The value of the accuracy means that the model is classifying correctly almost 84% of the instances which, depending on the context of the problem can be good or bad.

**CONFUSION MATRIX**

In [None]:
from sklearn.metrics import confusion_matrix

In [None]:
cm = confusion_matrix(y_train, y_pred, labels = ['yes', 'no'])
cm

array([[ 2283,  1417],
       [ 3883, 25367]])

The confusion matrix is a table that shows the frequency in which the model classifies correctly or incorrectly the instances of each class.

 - ROWS - actual values (yes or no)

 - COLUMS - predicted values (yes or no)

**RECALL SCORE**

In [None]:
from sklearn.metrics import recall_score

In [None]:
recall_score(y_train, y_pred, pos_label='yes')

0.617027027027027

The `recall_score` is an evaluation metrics that measures the proportion of instances that are well identified by the model. In other words, it measures the capacity of the model to find all the examples of positive class, i.e., its sensibility.

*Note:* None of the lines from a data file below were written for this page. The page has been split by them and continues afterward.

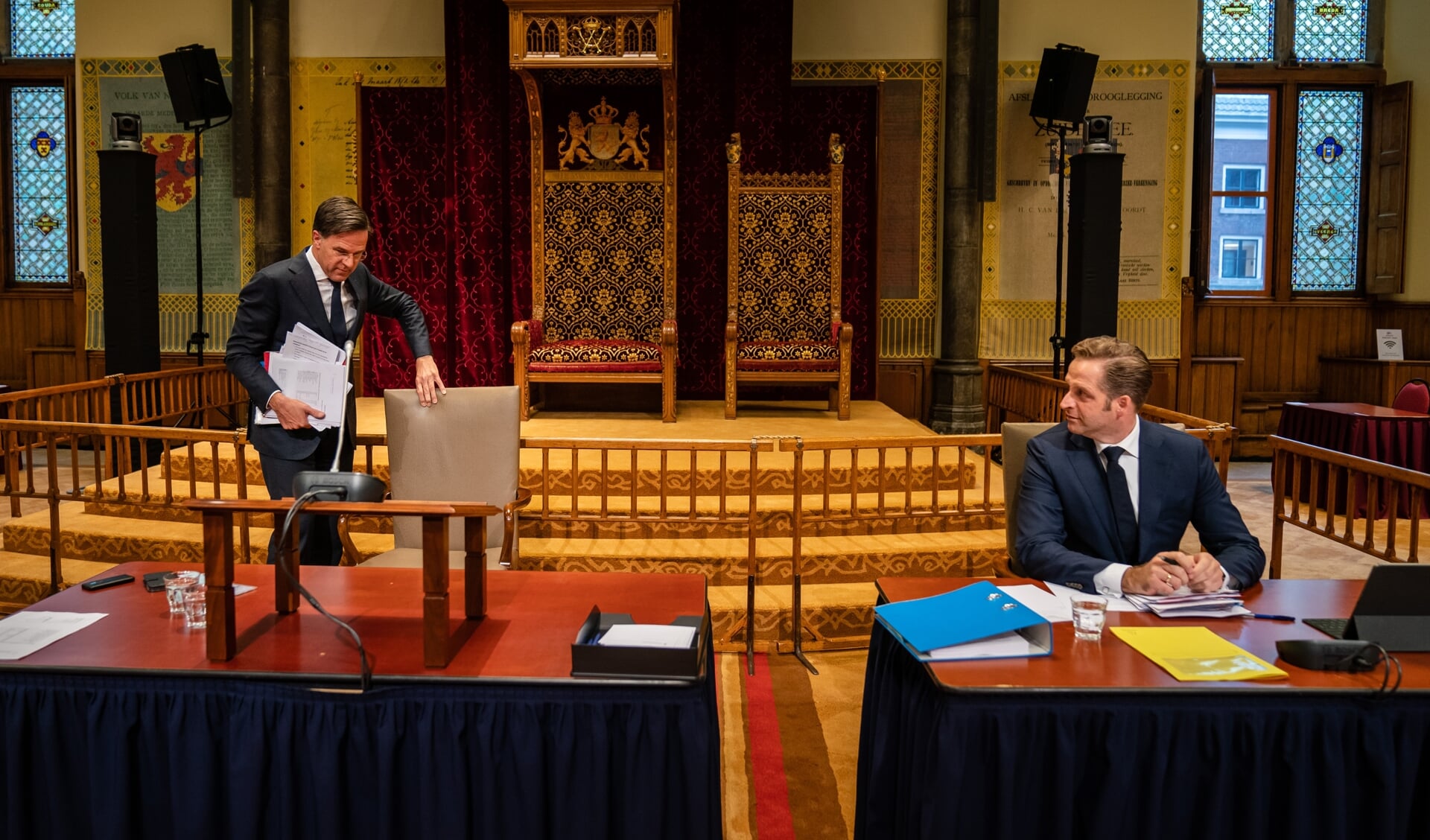 Demissionair premier Mark Rutte en demissionair Minister Hugo de Jonge van Volksgezondheid, Welzijn en Sport (CDA) tijdens een debat over het coronavirus.
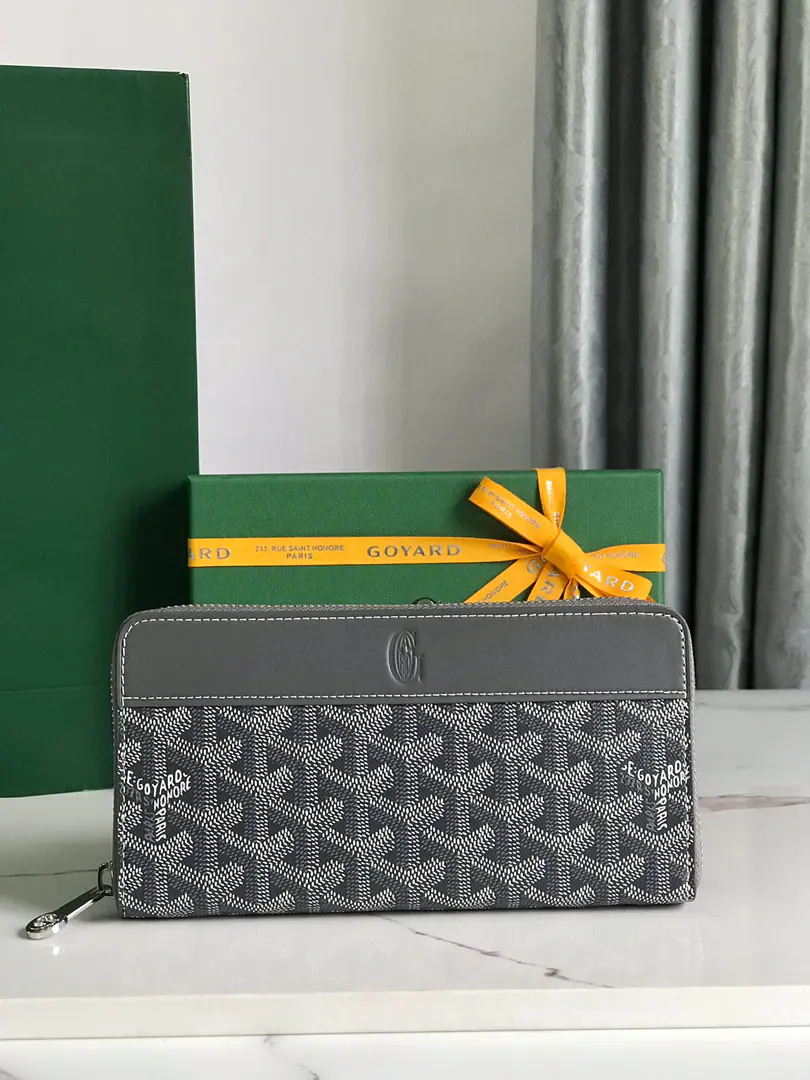 Koji.)】NewMATIGNON Long-sized wallet., Organisation12A knob., Central zipper pocket and two large storage cells., Cards, Paper bills, Coins and other daily documents, Cotton tarpaulin.&A little light-faced cow.➕Yellow goats' skins lined up.. Dimensions: 20*11*2.3cm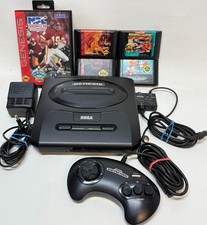 Sega Genesis Model 2 Console MK-1631 Bundle 5 Games Sonic 2 SFII - POWERS ON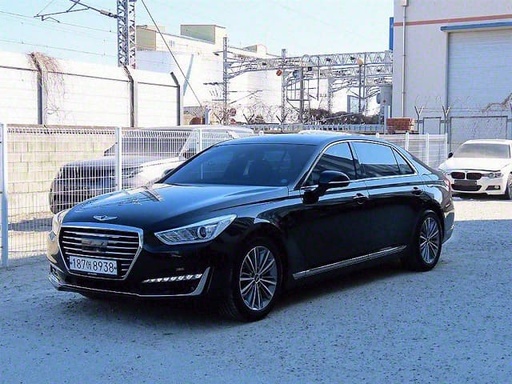 2018 Genesis EQ900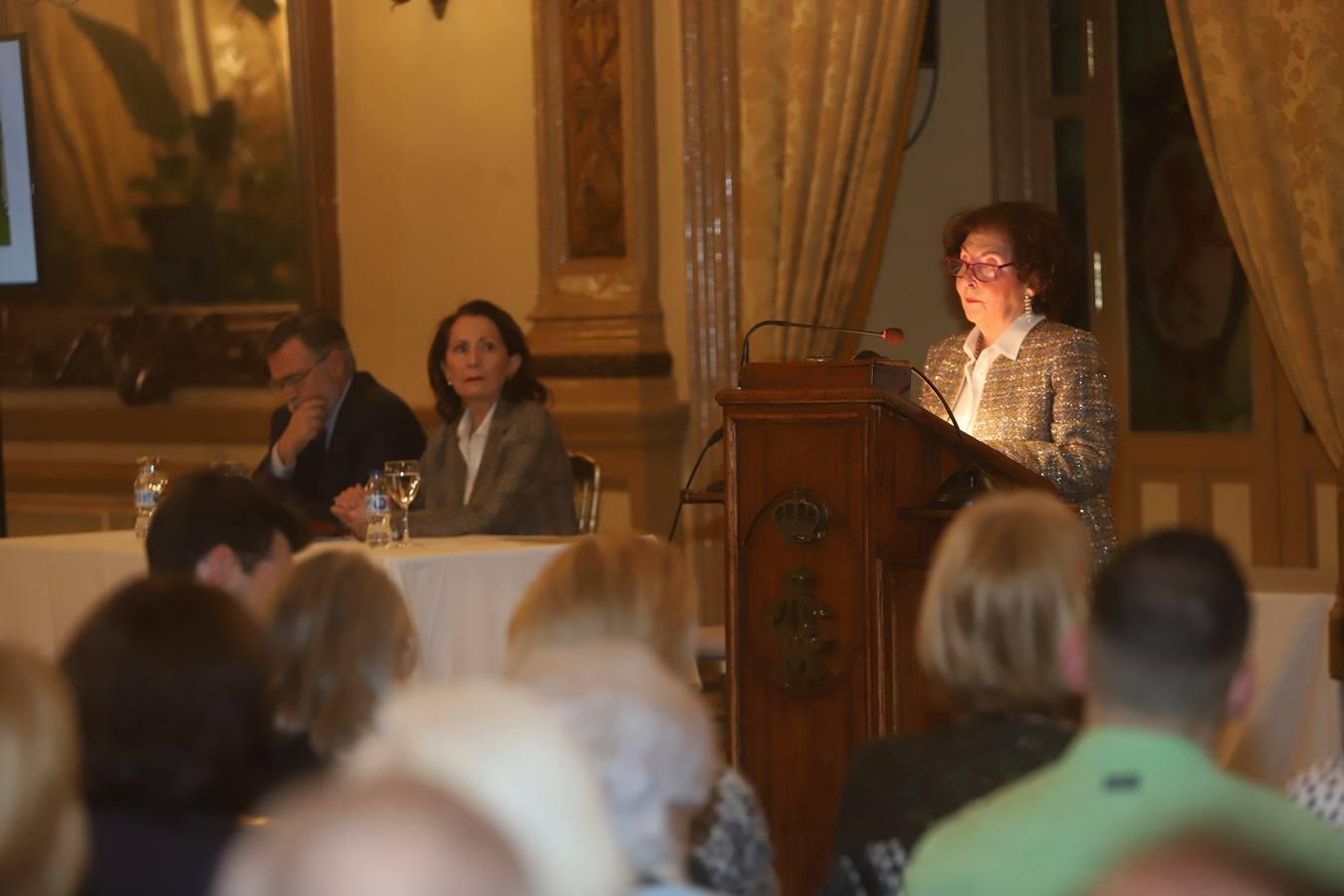 La conferencia de Ángeles Raya en El Templo de Córdoba, en imágenes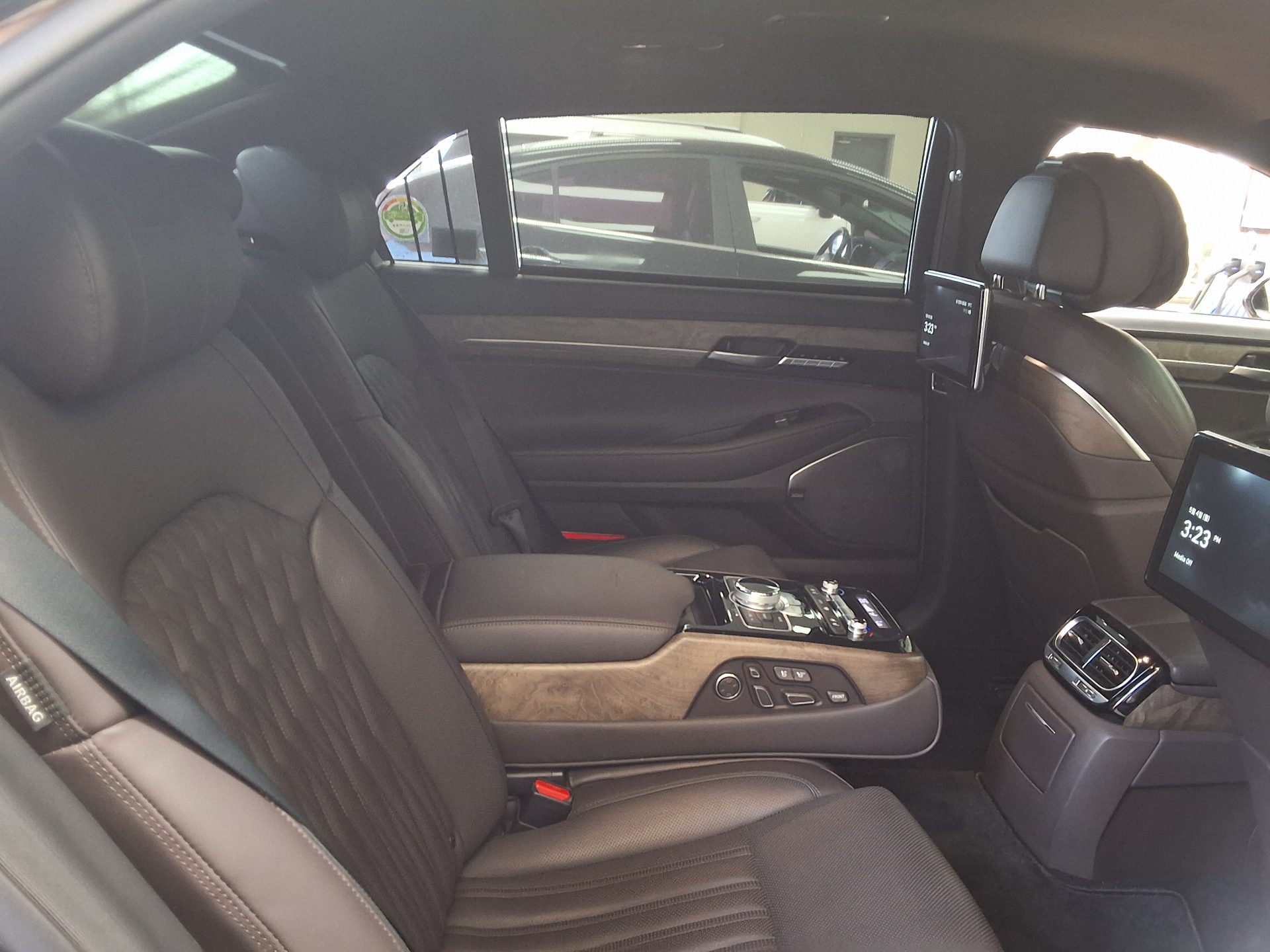 Genesis G90 2019 - Image 12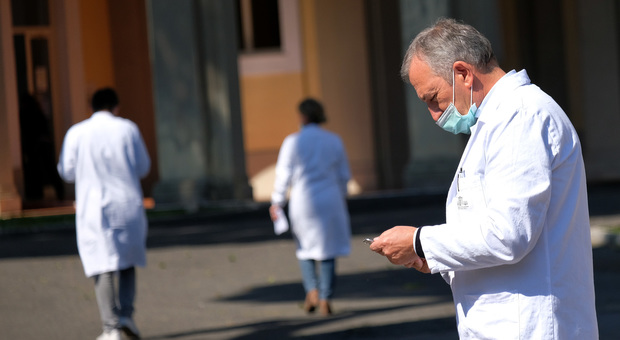 Coronavirus a Roma, bollettino Spallanzani: «220 positivi, 25 con supporto respiratorio. 92 pazienti dimessi»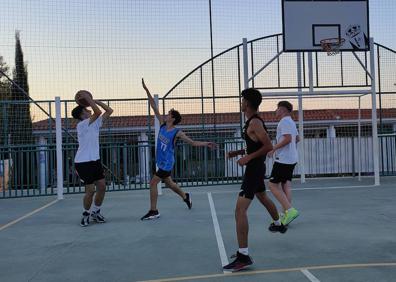 Imagen secundaria 1 - Algunas imágenes del torneo
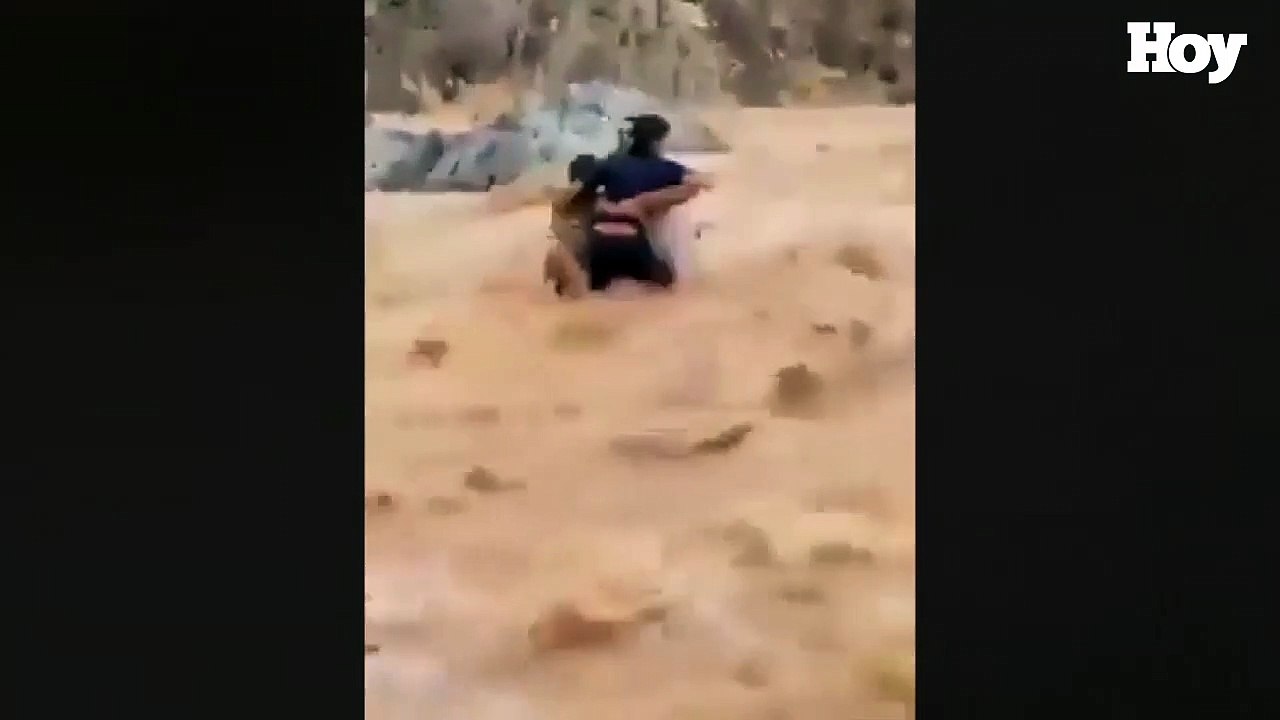 ¡Viral! Hombre salva a dos niños de morir ahogados en inundación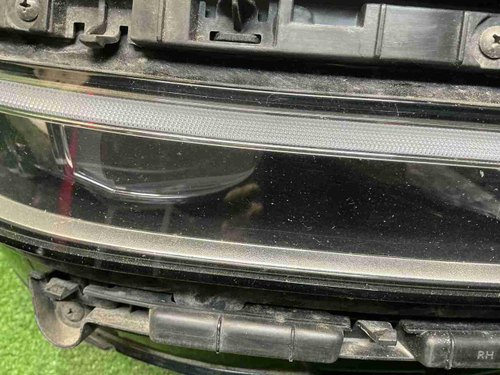 Битая Фара правая Genesis GV80 (2020-2023) LED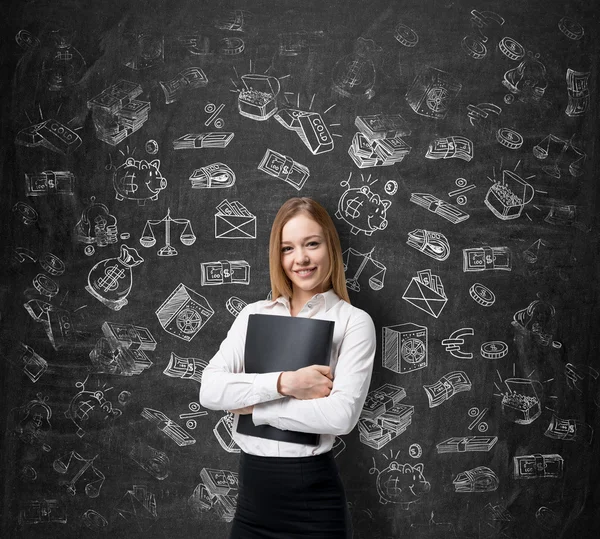 Hermosa mujer sosteniendo una carpeta y mirando al frente, imágenes blancas que simbolizan el dinero a su alrededor . — Foto de Stock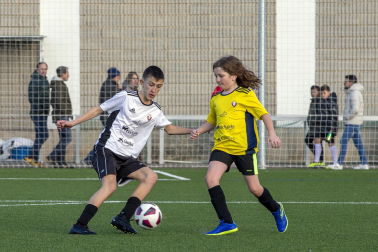 Imágenes del encuentro Azpilagaña 0-5 Atargi de la cuarta jornada del XL Torneo Interescolar.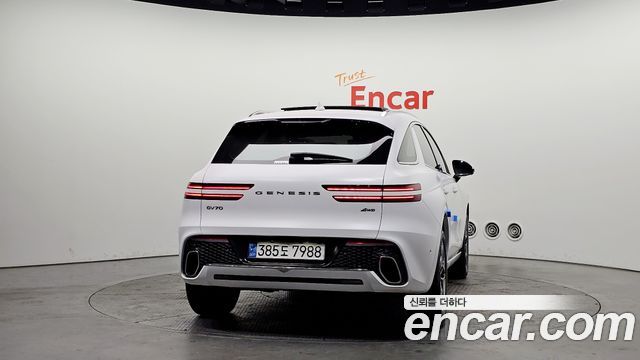 Genesis GV70 из Кореи Encar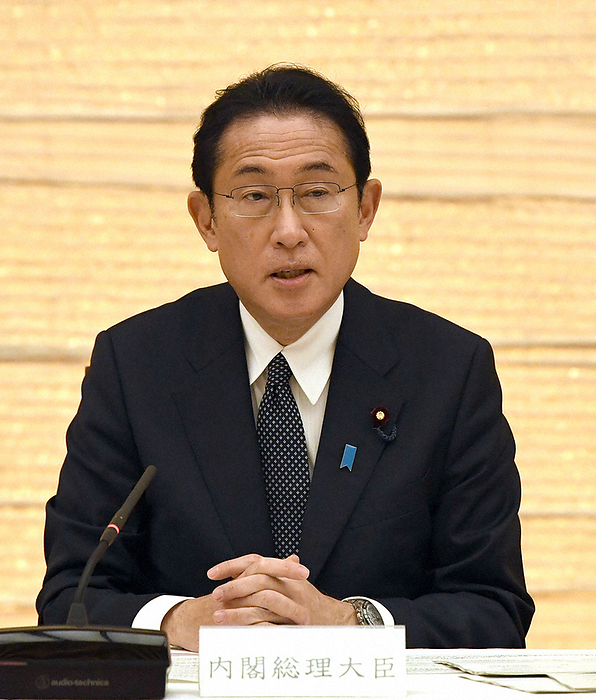 Prime Minister Fumio Kishida announces the application of priority measures to prevent the spread of the new coronavirus in Hiroshima, Yamaguchi and Okinawa prefectures at a meeting of the Headquarters for Disease Control and Prevention. Prime Minister Fumio Kishida announces the application of priority measures to prevent the spread of the new coronavirus to Hiroshima, Yamaguchi, and Okinawa prefectures at a meeting of the task force on the new coronavirus infection in 2022 at the Prime Minister s official residence. Photo by Miki Takeuchi, 4:13 p.m., January 7, 2010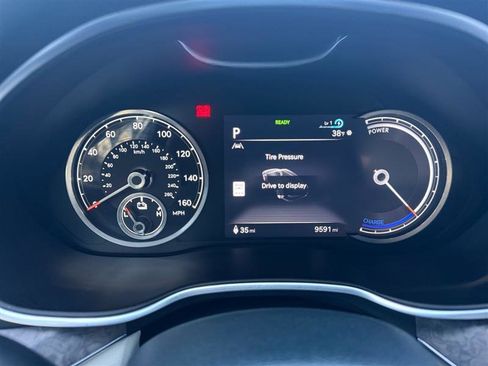 Used 2024 Genesis G80 image 28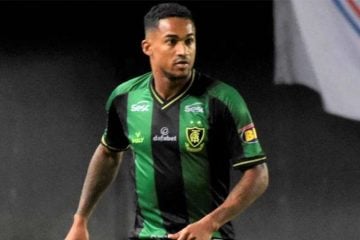 Lateral-direito Eduardo, do América, revela que está com tumor ósseo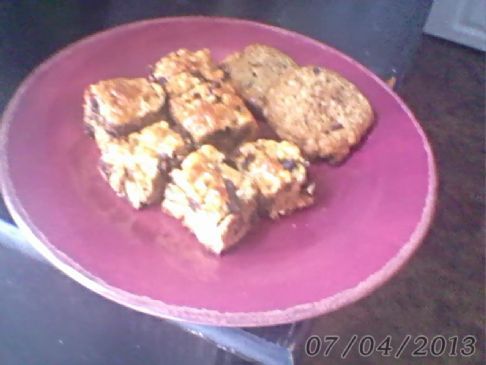 Pure Protein chocolate/walnut cookie bars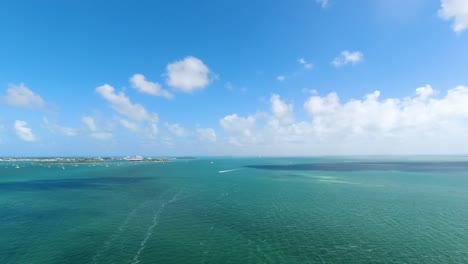 Parasail-B-Roll-Of-Sky-De-2-Personas-Haciendo-Parasailing-Con-Agua-Verde-Y-Azul-Del-Océano-Debajo-De-Ellos-En-Las-Imágenes-Aéreas-De-Los-Cayos-De-Florida-2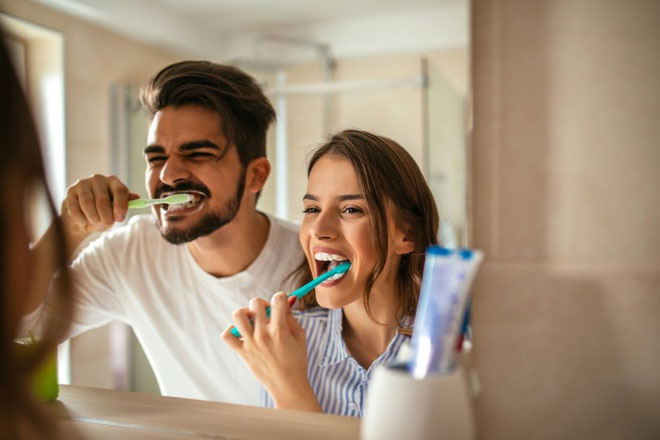 Lau dọn, khử trùng nhà thế nào để chống virus corona?
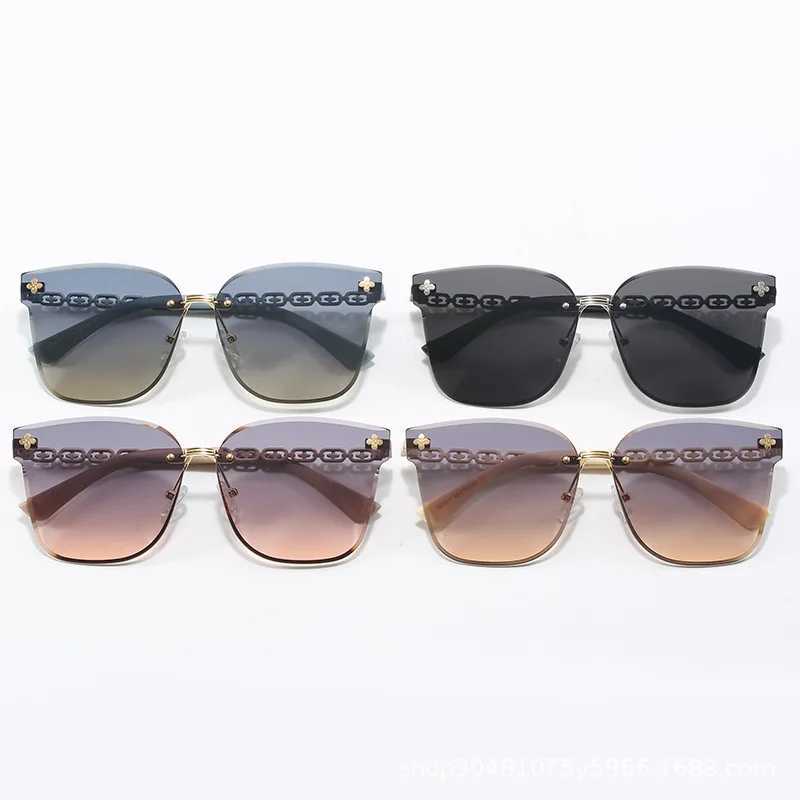 2025 New RimlESS Metal Sunglasses Womens Oversized UV400 Protective Glasses TikTok Viral AccESSories for Summer Travel Z250527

`recall_score = 2283/(2283+1417) = 0,617` means that the model identified correctly 61,7% of the instances of class 'yes', which means that the model is not so good finding all the examples of positive class and can be commiting some "falsos negativos".



Since we are trying to predict the "yes", these predictions are not good, because many of the actual values "yes" are predicted as "no".

* 1417 => falsos negativos.

* 25367 => verdadeiros positivos.

* 2283 => verdadeiros negativos.

* 3883 => falsos positivos.


The ideal case would be to get a recall_score of 1.